Time to take the defibrillator paddles to this proposal once again. As per
Nick's request this is a bit more focused on the motivation for getting
connection related information. The proposed use cases are just some naive
examples I've come up with. If anyone with a stronger security background
(which wouldn't take much...) has the time I'd love comments like "WTF?!?
This idiot's looking for the completely wrong things! This is obviously
worthless if he doesn't look for X."

Also, could we move forward on the other (less controversial) items? For
instance, bandwidth totals tend to be a very highly requested piece of
information and pipe's already provided a nice patch to get it (
http://www.mail-archive.com/or-talk@freehaven.net/msg13085.html). For
reference, here's the not-so-controversial GETINFO options I proposed:

  "info/relay/bw-limit" -- Effective relayed bandwidth limit (currently
    RelayBandwidthRate if set, otherwise BandwidthRate).

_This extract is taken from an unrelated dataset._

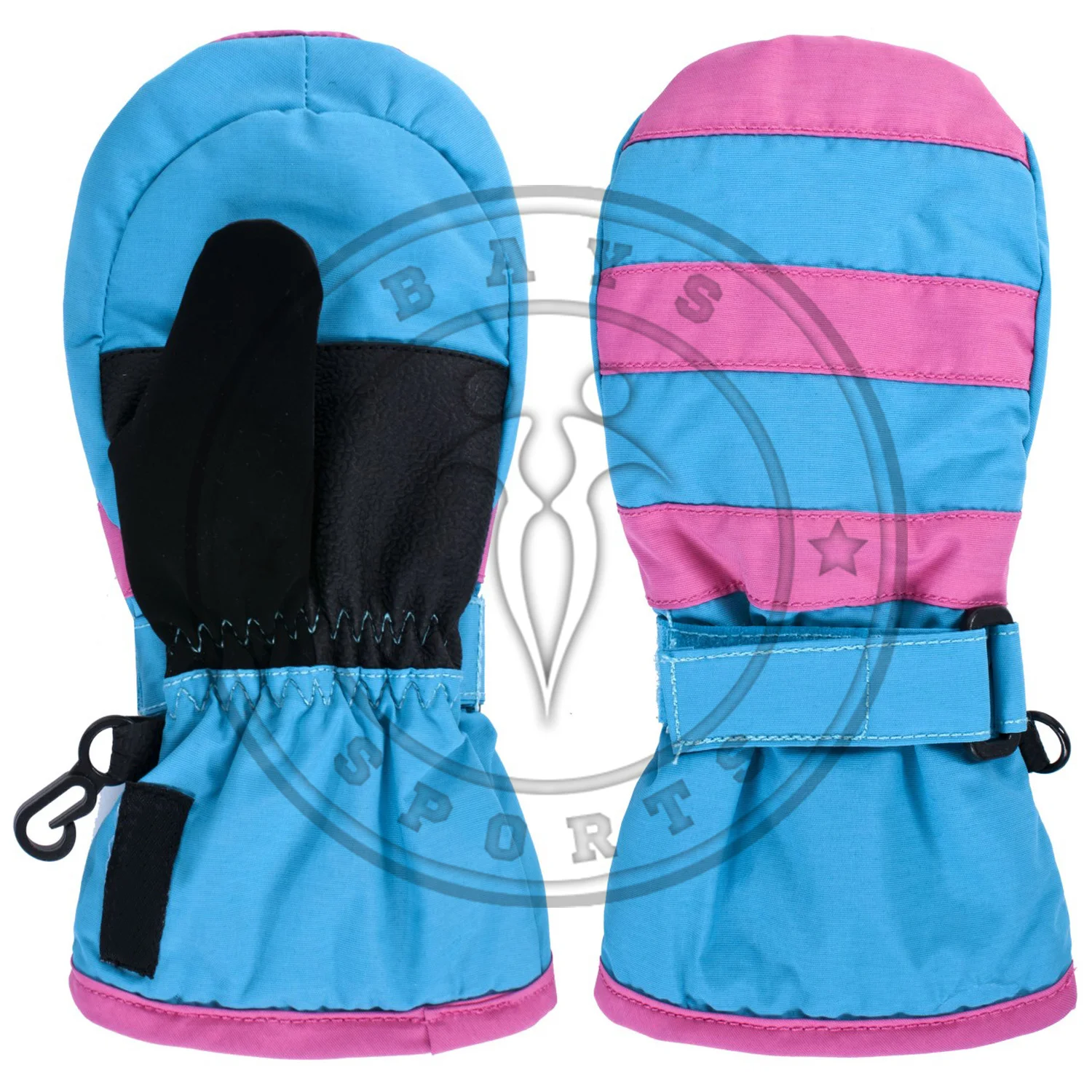 Ski Glove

  "info/relay/burst-limit" -- Effective relayed burst limit.

  "info/relay/read-total" -- Total bytes relayed (download).

  "info/relay/write-total" -- Total bytes relayed (upload).

  "info/uptime-process" -- Total uptime of the tor process (in seconds).

  "info/uptime-reset" -- Time since last reset (startup or sighup signal, in
    seconds).

  "info/descriptor-used" -- Count of file descriptors used.

  "info/descriptor-limit" -- File descriptor limit (getrlimit results).

  "ns/authority" -- Router status info (v2 directory style) for all
    recognized directory authorities, joined by newlines.

I'm not planning on converting the following to the customary 80-character
width until it's at least past being a first draft for a couple reasons:
  1. I find editing fixed-width documents to be a time consuming pain in the
ass.
  2. I've yet to hear why we do this. Is it just to cater to mail clients
too dumb to know how to line wrap?

that said, keeping my fingers crossed that this starts going somewhere!
-Damian

PS. For previous discussions of this proposal see:
http://marc.info/?t=126101683100002&r=1&w=1

----------------------------------------

Filename: xxx-connection-getinfo-option.txt
Title: GETINFO controller option for connection information
Author: Damian Johnson
Created: 14-Apr-2010
Status: Draft

Overview:

    This details an additional GETINFO option for tor controllers that would
provide information concerning a relay's current connections.

Motivation:

    All Internet facing applications (tor included) are possible vectors for
attack on the operator's system. With hundreds of connections to relatively
unknown destinations tor is already the bane of any network based IDS, and
unless tor can be proved infallible and bug free (which would be quite a
feat!) it cannot be blindly trusted.

    While it is impossible to guard against every potential future
vulnerability, controllers can attempt to mitigate this threat by both
auditing tor's behavior and providing indicator of its activity to savvy
users. Connection related information is a useful tool for both of these
purposes.

    In terms of auditing, the following are some conditions controllers can
check for with connection information:
      - Persistent unestablished circuits. For instance a circuit has an
outbound connection without a corresponding inbound counterpart. If such a
connection was active (had substantial traffic) this would be troubling
enough to alert the user.
      - Relatively asymmetric traffic on circuits. Ie, if the controller
sees 10 kb/s inbound on a circuit and 5 mb/s outbound this could be a good
indicator that someone's using tor to issue a dos, fetch data from the local
system, etc.
      - Any connections to the local network when ExitPolicyRejectPrivate is
set, indicating that tor's being used to proxy connections to the local lan.
      - Peculiar patterns of connections, for instance numerous outbound
connections to a single IP, or if 99% of all bandwidth belonging to a single
circuit.
      - Scrubbed connection data limits our ability to check for obedience
to the exit policy, but for strictly non-exit relays we can still alert the
user if any non-relay outbound connections occur.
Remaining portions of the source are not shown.